QUEEN REUNION probable in early 2005. Well, Brian May and Roger Taylor with former Free and Bad Company singer Paul Rodgers filling in for the late Freddie Mercury. No word on bassist John Deacon, so there's a slot open for Mike Kelly. Like Mike, there's a part of me that would consider going. But there's another part trying to finish the joke: "A Queen without Freddie Mercury is like..."

DESPERATE HOUSEWIVES: Study shows the TV comedy may be popular because a fair number of housewives are desperate. That doesn't explain the show's popularity with men, but a study is probably not needed to suss out that one.

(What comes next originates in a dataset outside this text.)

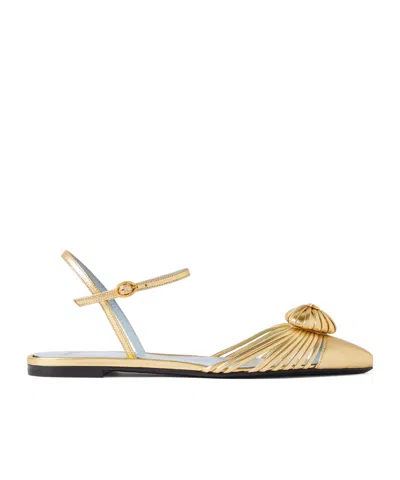 Valentino Garavani Coeur Royal Laminated Nappa Ballerina Woman Antique Brass 39.5 In Gold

LILEKS: tire-blogging, plus a bit about weddings and Chicago.

MAN BITES DOG is a journalist's cliche, but it will get coverage.

NANOTECH: Some ponder applications to medicine.

GARY WEBB: As I suggested a day or two ago, his apparent suicide fuels the conspiracy theorists, as the coroner reports two gunshots to the head. Webb's ex-wife says that Webb had been distraught for some time over his inability to get a job at another major newspaper. "The way he was acting it would be hard for me to believe it was anything but suicide," she said. But that's exactly what she would say, isn't it?

SPAMALOT -- the musical version of Monty Python and the Holy Grail -- premieres in Chicago this month before heading to Broadway (much as The Producers did a few years ago). The New Yorker almost has me getting tickets.

SOCIAL SECURITY: Arnold Kling has two articles on Social Security reform and private accounts: his arguments may surprise you.